Without including any pictures, please copy every entry below exactly.

====== Given records

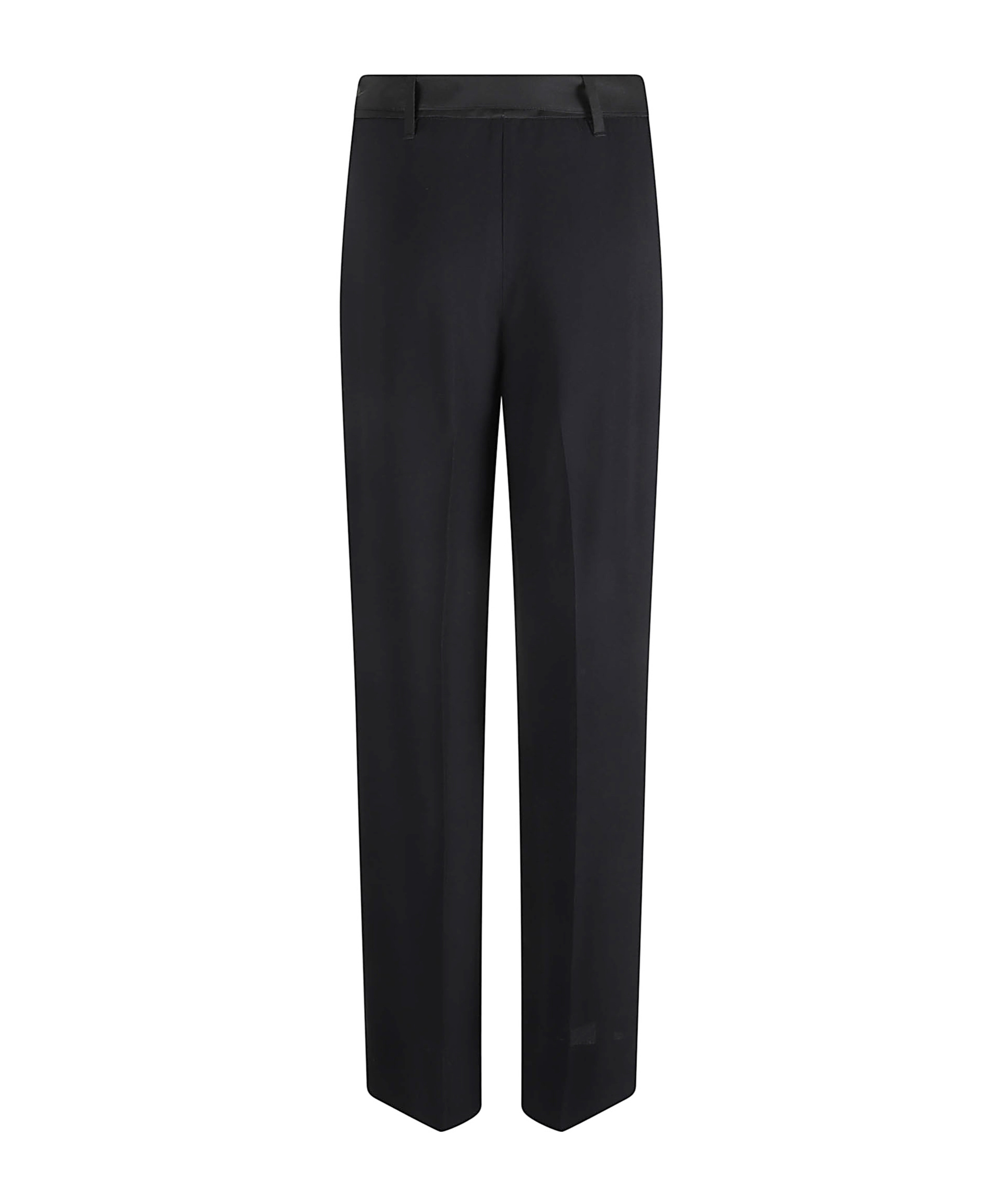 True Royal Trousers Black In Black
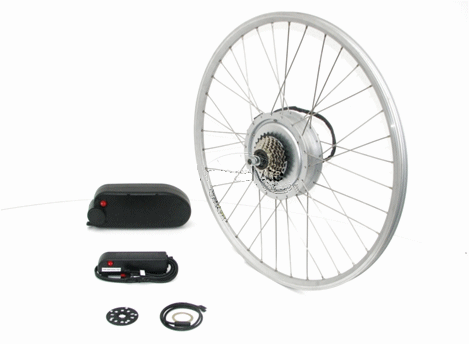 kit d'assistance électrique pour vélo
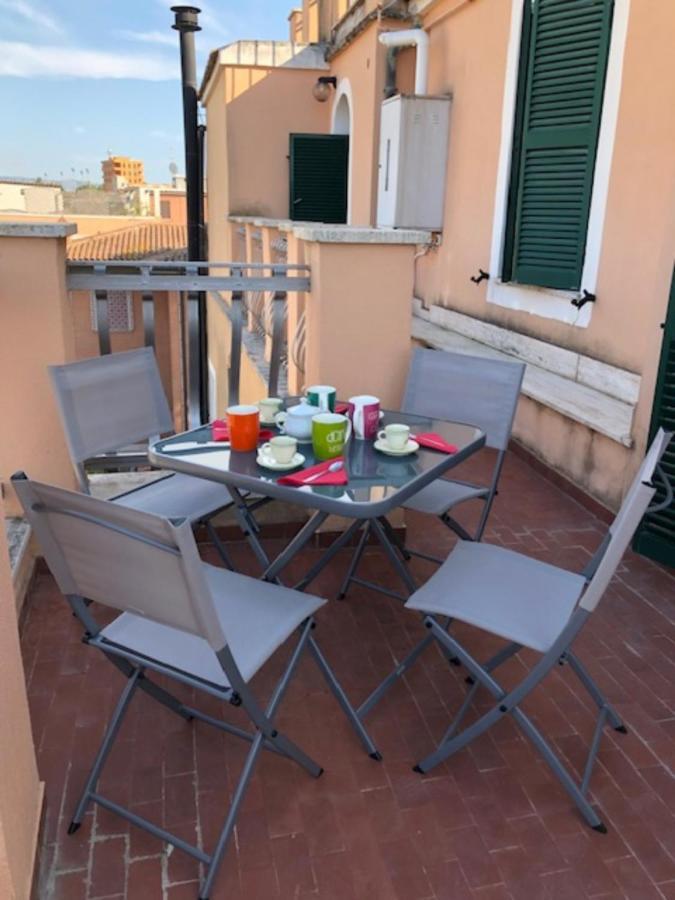 Attici Agli Acquedotti Romani Appartement Rome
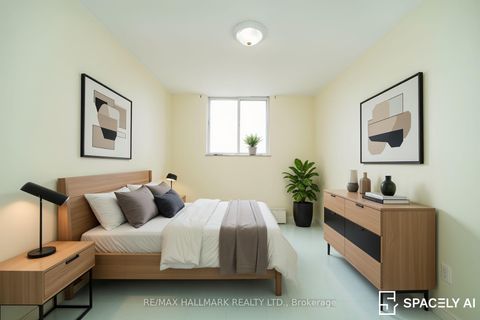 Photo 14 at 411 - 50 Lotherton Pathway, Glen Park, Toronto
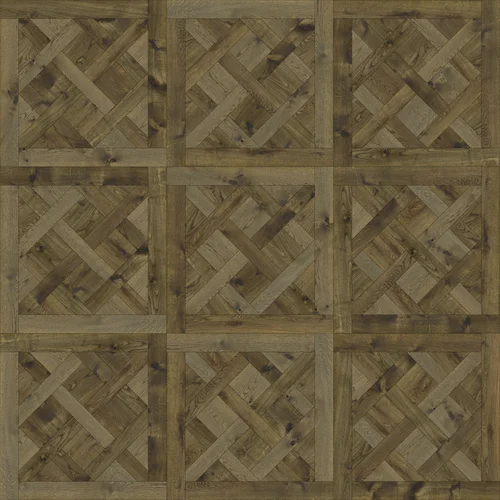 Chapel Basilica Breton  niepost._ Versailles (~81 x 81 cm) 1217.13.2.06.0 complex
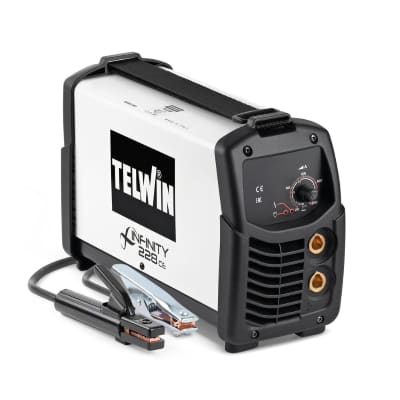 SALDATRICI AD ELETTRODO INFINITY 228 TELWIN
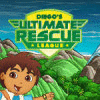 Žaidimas Go Diego Go Ultimate Rescue League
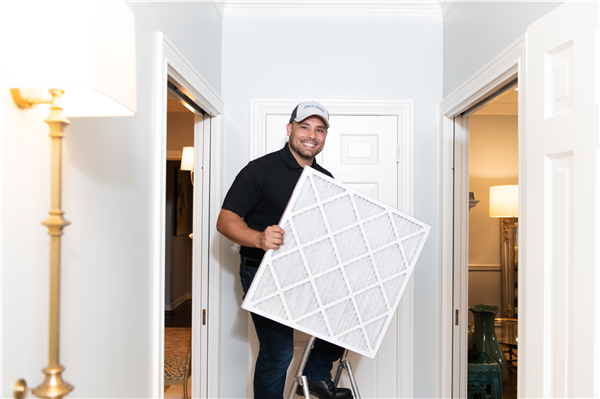 Air Filter Replacement Service | Chester, South Carolina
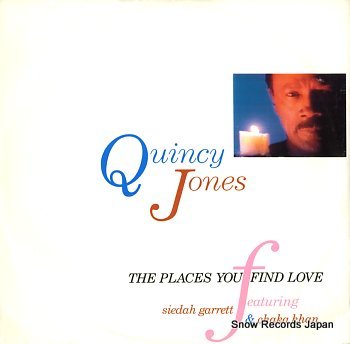 The Places You Find Love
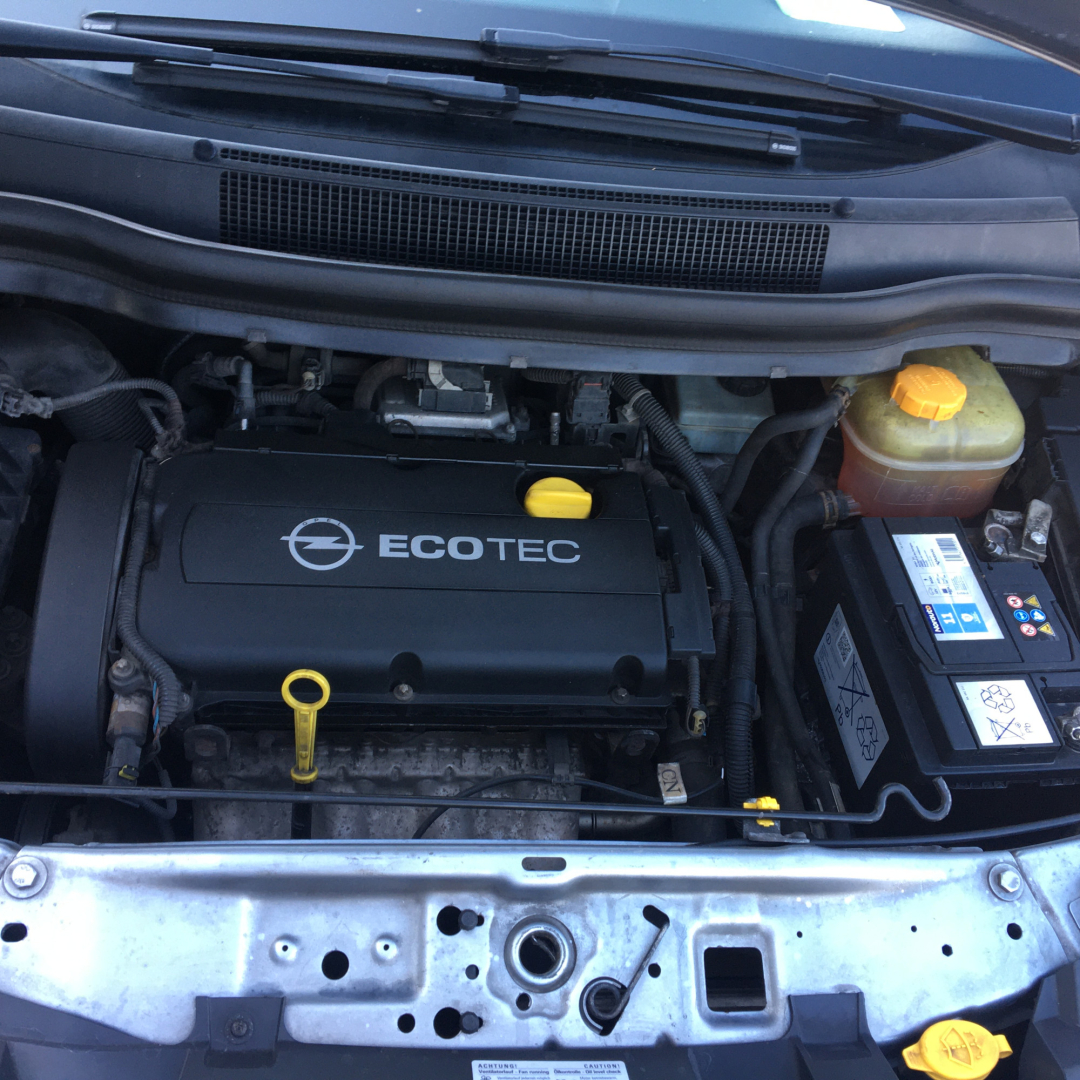 Opel Zafira 2010 Opel Zafira 2010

============

Your solution:
 True Royal Trousers Black In Black
 kit d'assistance électrique pour vélo
 Attici Agli Acquedotti Romani Appartement Rome
 Photo 14 at 411 - 50 Lotherton Pathway, Glen Park, Toronto
 Chapel Basilica Breton  niepost._ Versailles (~81 x 81 cm) 1217.13.2.06.0 complex
 SALDATRICI AD ELETTRODO INFINITY 228 TELWIN
 Žaidimas Go Diego Go Ultimate Rescue League
 Air Filter Replacement Service | Chester, South Carolina
 The Places You Find Love
 Opel Zafira 2010 Opel Zafira 2010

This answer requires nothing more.